Strategies for Cloud Security
In this article, Nubifer’s Research Team explores how to get started with cloud security. What are the bare essentials? How do you merge traditional controls with advanced technologies like DLP (Data Loss Prevention) and risk management? How will you convince auditors that your cloud projects are as secure as your on-premise ones?
Security Concerns Slowing Cloud Adoption
A recent Cloud Trends Report for 2011 found that the number of organizations that are prioritizing the move to cloud computing nearly doubled from 2009 (24%) to 2010 (44%). However, the study also found that cloud security is the number one obstacle to adoption. Of those surveyed, 26% cited security as their chief cloud concern, while 57% included security their top three.
However, a recent study commissioned by CA Technologies learned that, despite all of the concerns about security, roughly 50% of those embracing the cloud fail to properly evaluate providers for security prior to deployments. The study, Security of Cloud Computing Users: A Study of Practitioners in the US & Europe, discovered that IT practitioners vary wildly in their assessment of who is responsible for securing sensitive data in the cloud and how to go about it.
According to Chad Collins, CEO of Nubifer Inc., many CIO’s are projecting their own internal security weaknesses onto cloud providers. “When security is used as an excuse, often the fact is that CIO’s want to avoid examining themselves. If you don’t have a handle on governance, risk management and regulatory compliance internally, you’ll expose just how lacking your security is if you try to move to the cloud.”
Determining a Cloud Security Plan
Even if many organizations lack the intestinal fortitude to scrutinize their own (possibly deficient) security practices, there are still plenty of valid cloud security fears. Transferring the responsibility of protecting sensitive data to a third party is hair-raising, especially in an industry that has to comply with regulations such as HIPAA, SOX or PCI DSS. Throw in hypervisor vulnerabilities, DDoS attacks, application-level malware and other problems, and the line between rationalizations and legitimate worries is blurred.
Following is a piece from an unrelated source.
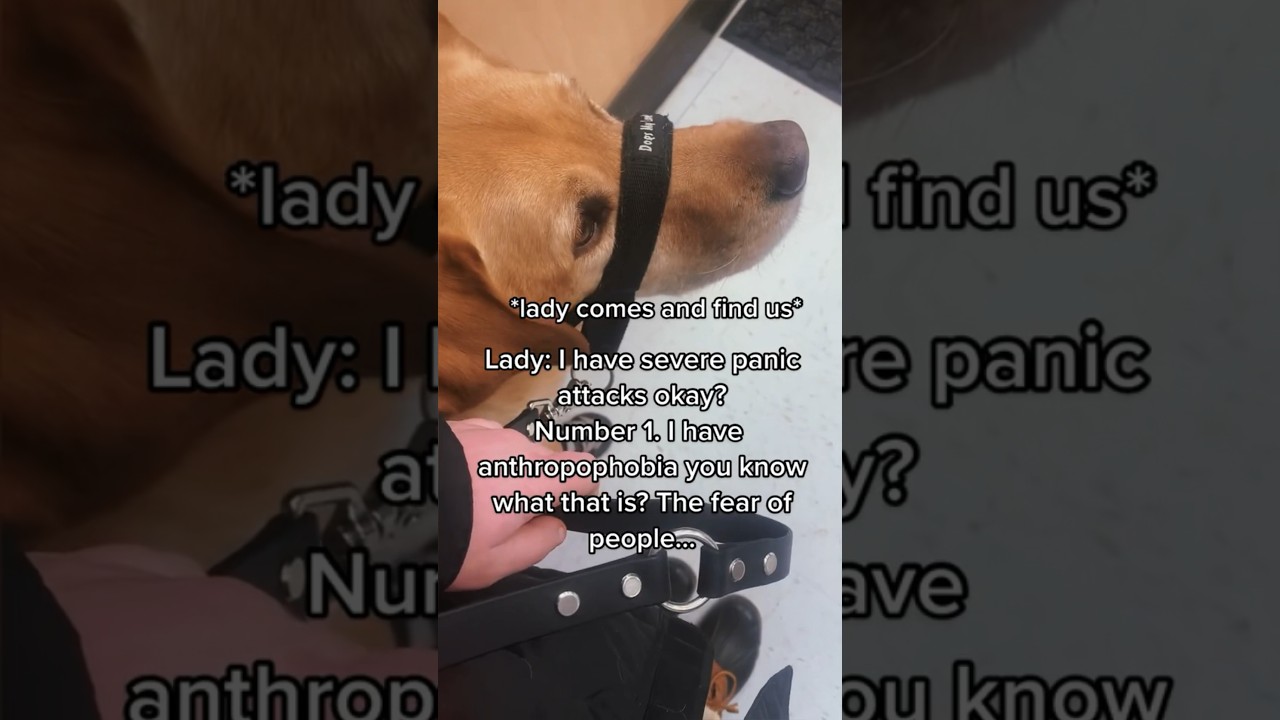 stop bringing your untrained dogs everywhere with you!!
Cloud risks still involve many unknowns, so formulating a comprehensive cloud strategy is a must. But if you don’t have some sort of workable plan in place, will you be prepared to adapt and improvise as conditions change?
Your CFO or comptroller is your biggest risk for financial applications and data. Your head of HR needs to be properly managed to ensure that leaky personnel files don’t come back to haunt you. And, of course, the biggest risk of all is your CEO.
Attackers know this, which is why C-level executives are constantly targets of so-called “whaling attacks,” such as the CEO subpoena phishing scam.
Privileged users can also be the most difficult to secure, though, because they will often veto any security control they don’t like. After all, these are the bosses. Thus, it’s not going to be easy to put a blanket ban on riskier devices, such as smartphones or tablets, so you’d better have a Plan B. Instead of banning the devices, you can establish proper authentication, access control and identity enforcement to ensure that your privileged users are at least who they say they are.
A plan to protect your most privileged users has the added benefit of providing you with an overall cloud security roadmap. Are remote-user risks a concern? Your most privileged users will probably want remote access. How about data loss protection? Your privileged users have more rights to more data than anyone else. What about securing mobile devices? Your CEO probably has several of them.
Moving from internal controls to third-party evaluation
As you move from evaluating yourself to evaluating potential cloud vendors, don’t forget to investigate how far cloud services have already spread into your organization. Has your sales team signed up for Salesforce.com? Are your project managers using Basecamp? Has HR invested in Taleo?
As name brand cloud/SaaS providers, Microsoft, Salesforce.com and Google all have solid reputations. Getting those projects to conform with internal security controls shouldn’t be an issue. You’ll want to vet others, though, and make sure they aren’t fly-by-night providers that don’t take the time to properly secure their environments.
After your internal controls are in place, get out of the data center business and start shifting resources into private clouds.
Finally, as licenses expire and as upgrade cycles hit, you’ll be in position to knowledgeably and safely begin scrutinizing the public cloud vendors you’ll begin to trust with your mission-critical resources.
Effective security involves policies, technology and operational controls. Yes, you can drill down – way down – within those three categories, but those are the general areas. “If you focus on the bookends when evaluating vendors, you should learn a lot about how they will handle your data,” Collins said.
Those bookends are governance on one end, or how will data be managed and secured; and auditing on the other end, or how do providers prove they’re doing everything they claim to be doing?